Patrick Anthony Meehan (born June 29, 1948) is a British record producer, who is best known to have worked with English heavy metal band Black Sabbath until he was fired in 1975 by the band.

Meehan founded Worldwide Artiste Management at No. 4 Leicester Street, London, in 1970 along with his father (also called Patrick), Wilf Pine and Malcolm Koss. Meehan Sr was a former stuntman who had roadied for Gene Vincent and worked with Small Faces manager Don Arden. As well as Black Sabbath, the group managed the progressive rock band Gentle Giant (remnants of 1960s pop band Simon Dupree and the Big Sound), Snafu (featuring original Procol Harum drummer Bobby Harrison), Black Widow, the Dutch band Cobra, Catapilla, Redbone and Mama Lion.
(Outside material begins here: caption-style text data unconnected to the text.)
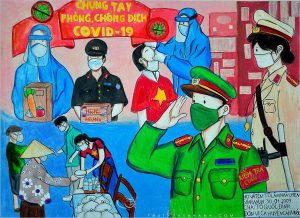 Hình vẽ chú công an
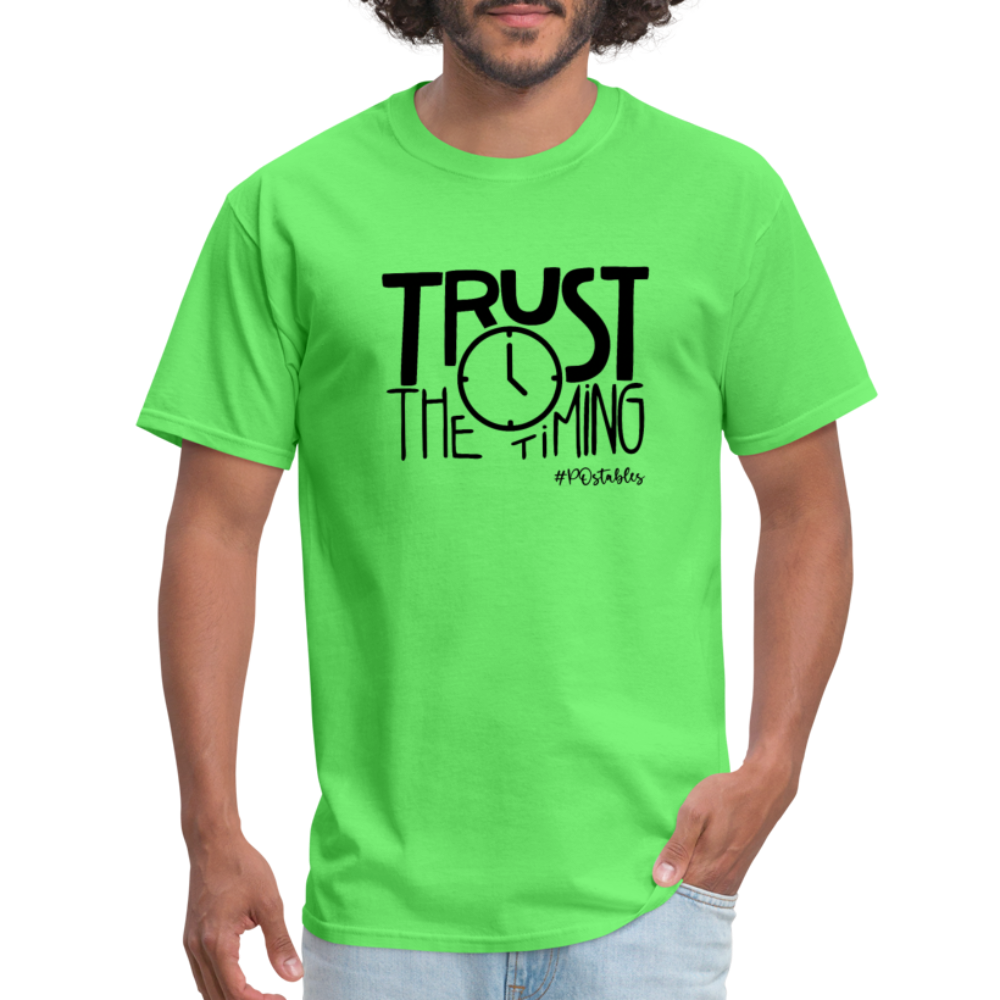 Trust The Timing B Unisex Classic T-Shirt - kiwi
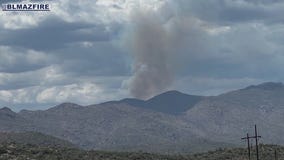 Juniper Fire burns 600 acres near Horse Thief Basin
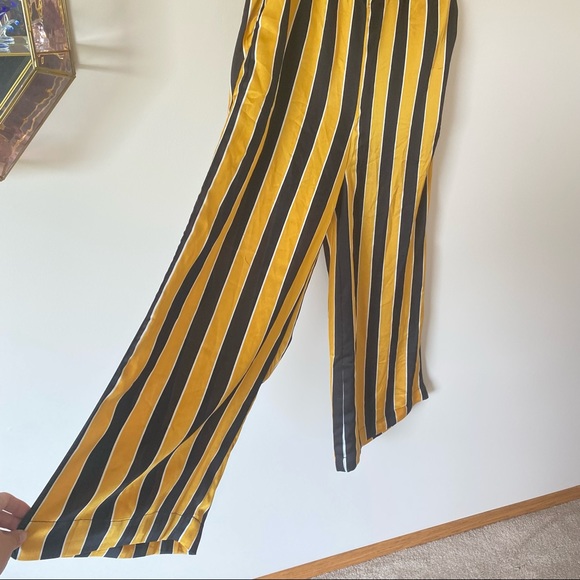 NWT Black and Yellow Stripped Pants - Picture 4 of 11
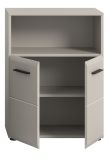 Badezimmer Kommode Cover in Kaschmir / Sand Badschrank 2-t�rig 60 x 80 cm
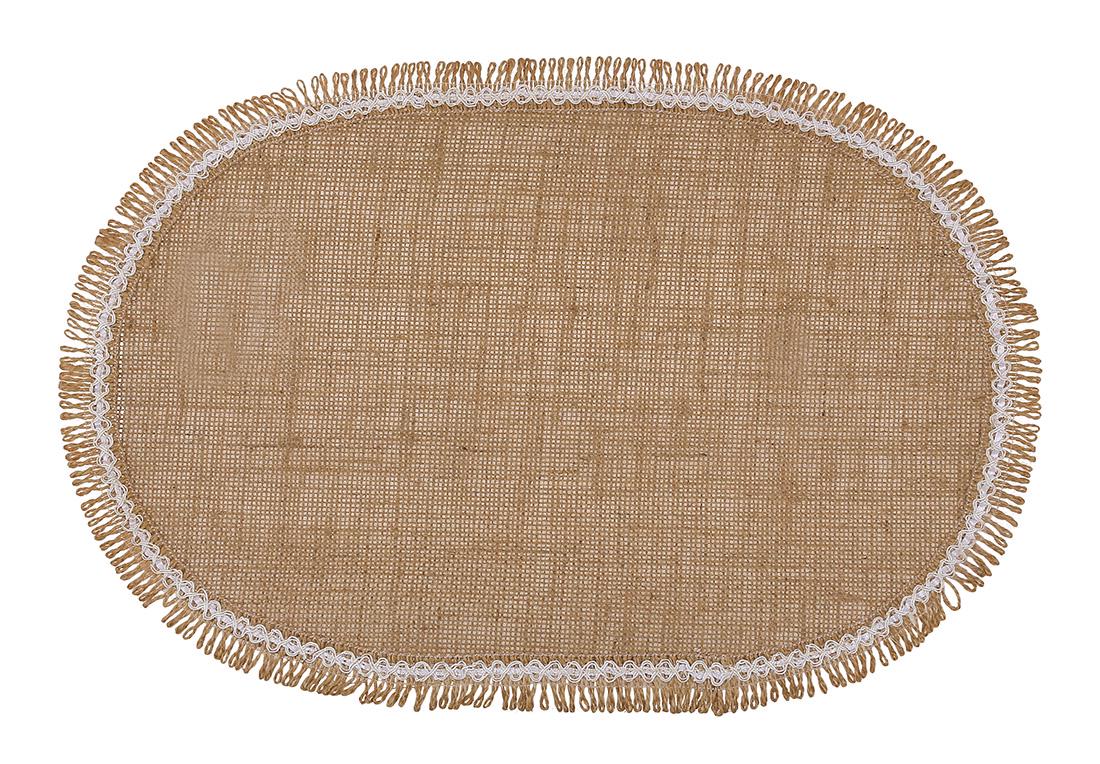Набор сервировочных салфеток 3 шт. льняная с кружевом 30x45 см (445-198)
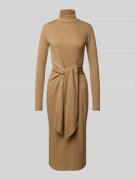 Lauren Ralph Lauren Midikleid mit Rollkragen Modell 'VAUREEN' in Camel...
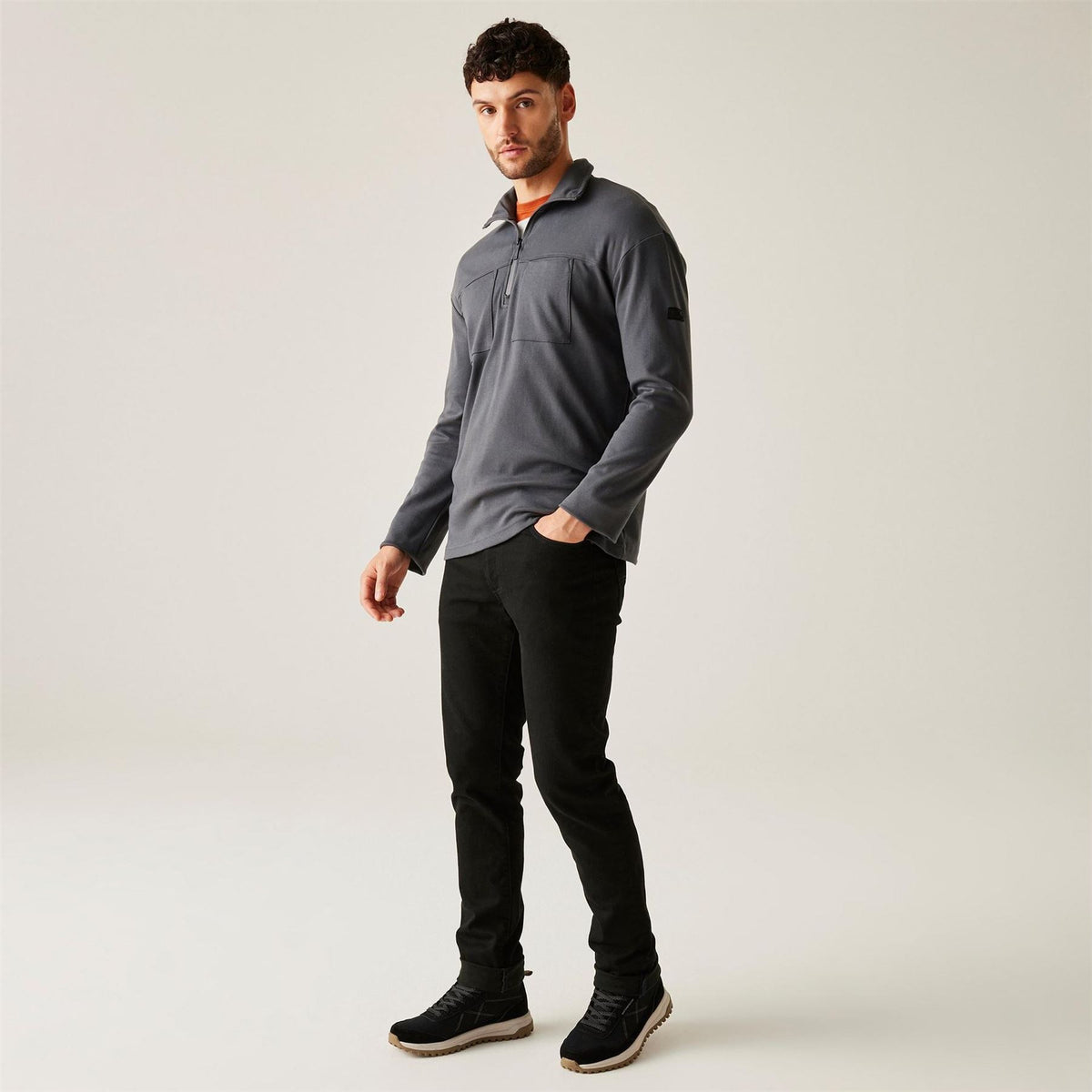 Regatta Funnel Neck High Collar Long Sleeve Warm Sweatshirt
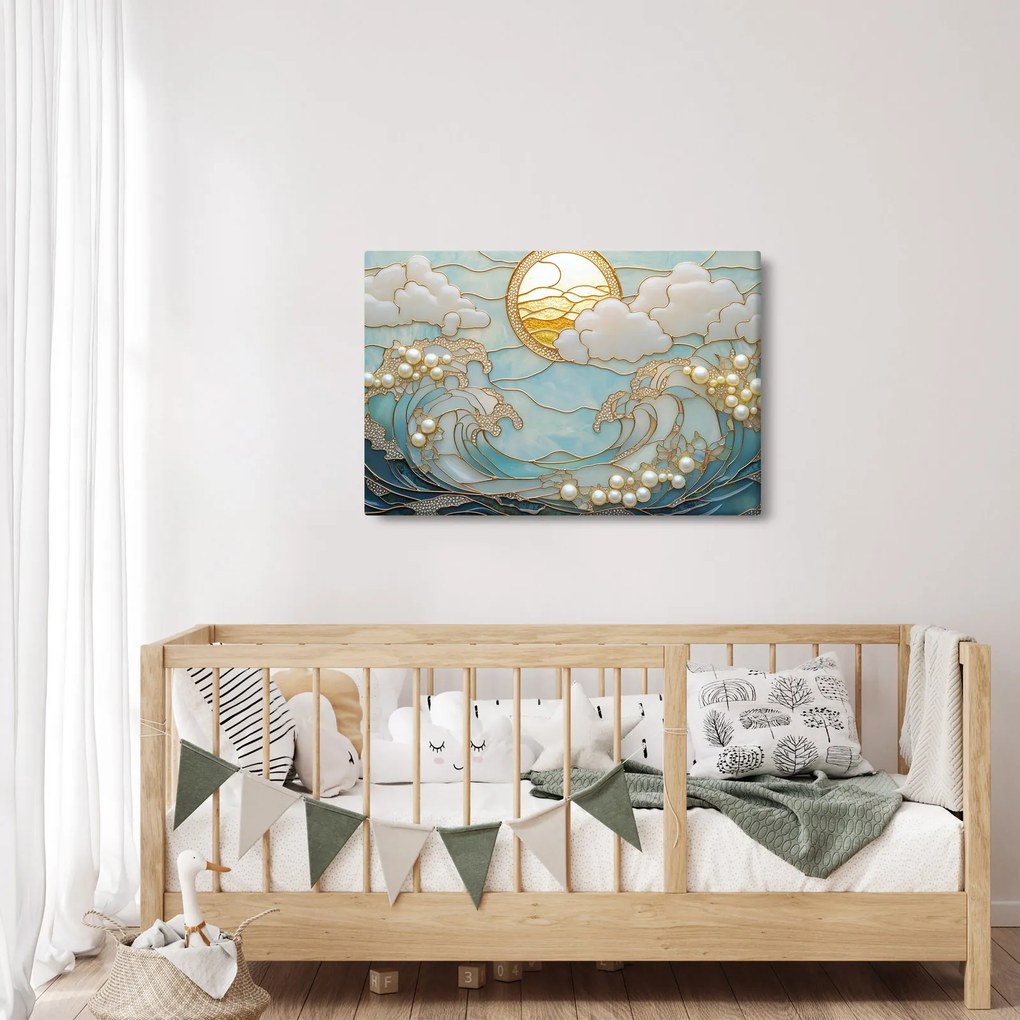 Obraz - 3D perly v oceáne (90x60 cm)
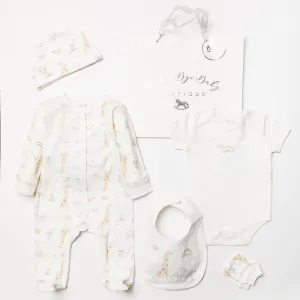 Rainbow, Elephant Giraffe Baby Clothing Set Unisex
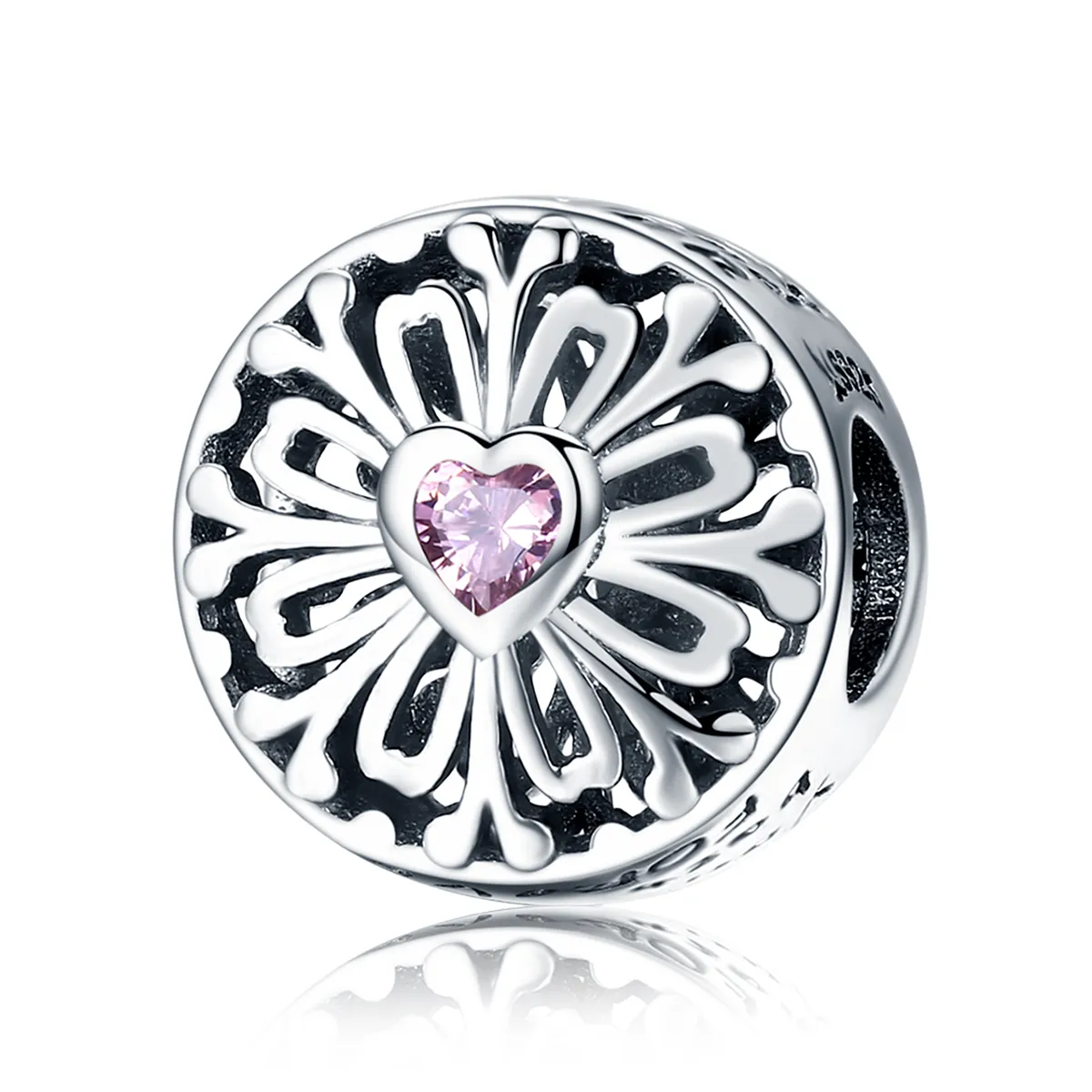 pandora style floare a prieteniei charm scc740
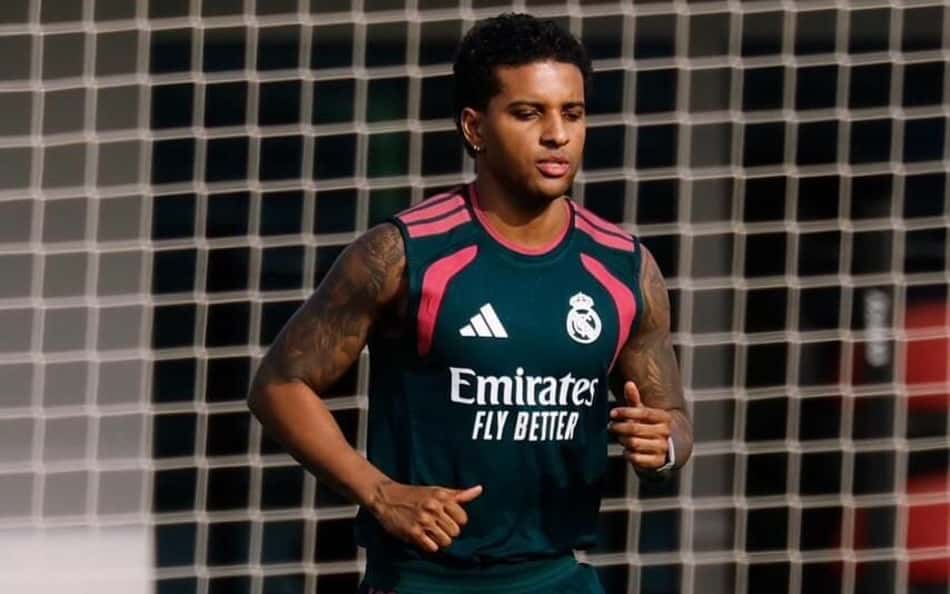 Rodrygo correndo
The company was listed on the London Stock Exchange in late 1970 after Black Sabbath became commercially successful. In 1971, Worldwide Artiste Management merged with Hemdale Ltd (named after founders, actors David Hemmings and John Daley) and moved to Mayfair. In 1973 Meehan launched the World Wide Artists (WWA) record label, which released albums by Black Sabbath, Gentle Giant, Snafu and The Groundhogs, with distribution by Phonogram. After 36 releases, the company closed in 1975.

Meehan fell out with Black Sabbath in the late 1970s after a commercial and critical slump, and branched out into other areas of the entertainment business. He acquired HandMade Films in the late 1990s, becoming its executive chairman.

References

British record producers
Living people
Year of birth missing (living people)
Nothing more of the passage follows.